2018 FIFA World Cup Final aftermathematics

Two years ago we were living different lives. All crammed in front of TV, with no regard to social distancing (what is that?!), we were following greatest sporting event that there is – 2018 FIFA World Cup in Russia… and Croatia was all the hype. Compared to other football powerhouses, Croatia is indeed a miniscule country. For comparison, there are more registered football players in Germany (DFB members) than there are people living in Croatia. Still, for some reason (I won’t go into details) we are excelling at sports (football included), in contrast to our abysmal economic score (again, I won’t go into details).

Anyway, we reached the final and unfortunately lost to better team… France. I get it, you might wonder why “better team” is struck through, didn’t France won 4-2, what more proof do I need that it was indeed the better team? Well, not so fast my friends! I wont say France didn’t deserve it, they played fantastic tournament and were very good in the final, but… they weren’t better, they were luckier team that day, that was deciding factor! No way I can prove this? Well, hold my sore-loser beer.

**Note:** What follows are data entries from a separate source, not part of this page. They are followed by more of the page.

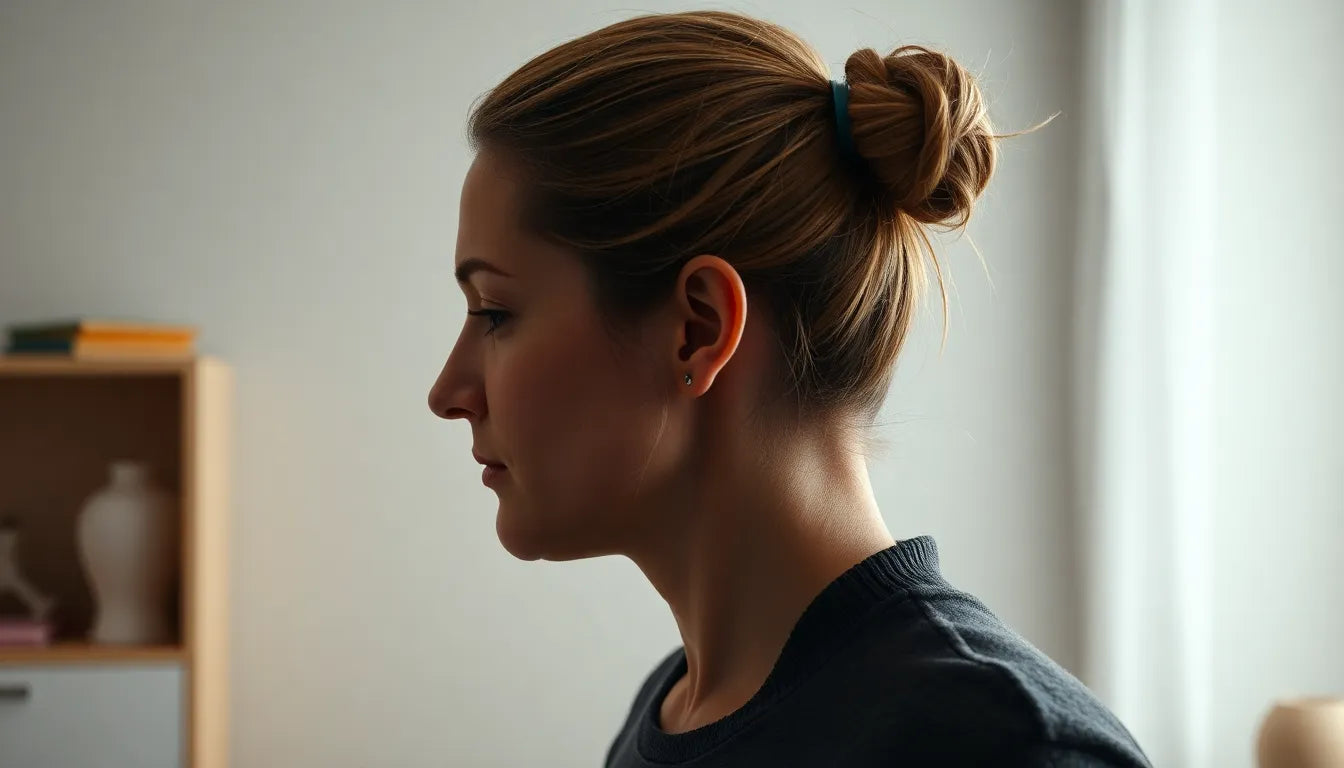 Übungsleser: effektive Übungen gegen Kopfschmerzen durch Verspannung entdecken - Illustration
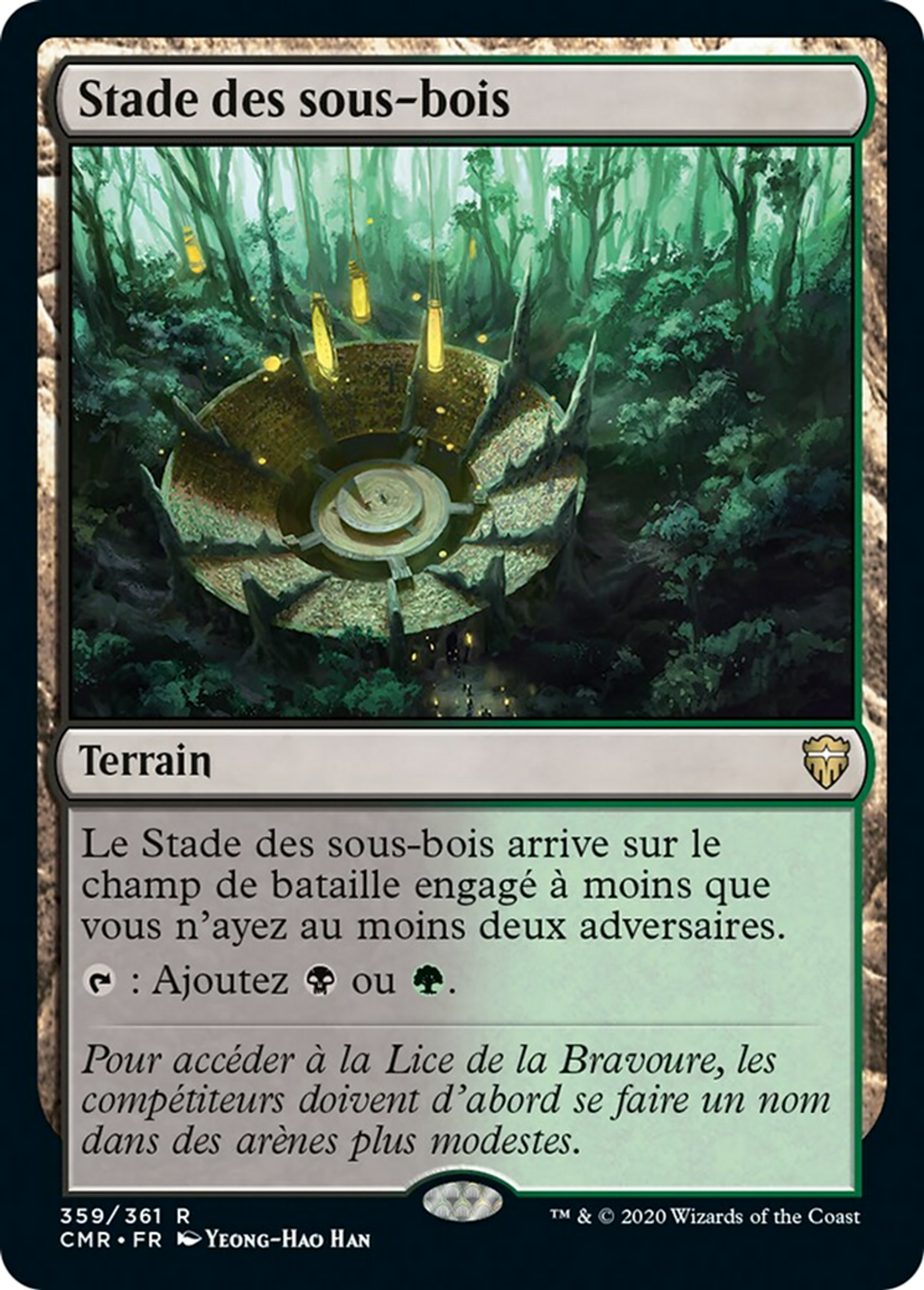 Stade des sous-bois — Commander Legends — Magic: The Gathering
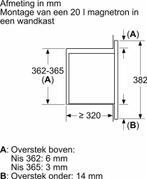 Bosch BFL523MB3 - Serie 2 - Inbouwmagnetron, Witgoed en Apparatuur, Magnetrons, Verzenden, Zo goed als nieuw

Before we start, little bit of theory. It’s safe to say that for every sport there’s a whole lot of skill involved, people train and practice for decades in order to compete on highest level. However, results are not only decided on skill,… there’s something else, something we like to call “luck”. Think of it as random factors that are outside your skill realm, all that you cannot control, such as when when referee gives a bad call, when player gets injured or when ball bounces off the goalpost. Depending on the sport there’s more or less luck involved and that skill-vs-luck continuum is elegantly visualized on the following picture.

You can find many interesting articles and scientific papers on the role of luck, whether in real sports or fantasy ones (and finally settle debate whether fantasy league winners are just lucky bastards). However, before you begin to dig deeper there’s this cool introductory video I would definitely recommend.

There’s one other important thing to note here. When we have lot of talented and highly competent people competing for some “prize”, whether in sports or economy, when differences in skill or knowledge are minimal, it is actually luck or chance that very often plays the decisive role. So yeah, success is the sum of talent, hard work… aaand luck. Our lives are influenced by factors we cannot control so it’s important to stay humble, especially when you’re successful and you suddenly find it easy to attribute it all to your immense prowess and skill.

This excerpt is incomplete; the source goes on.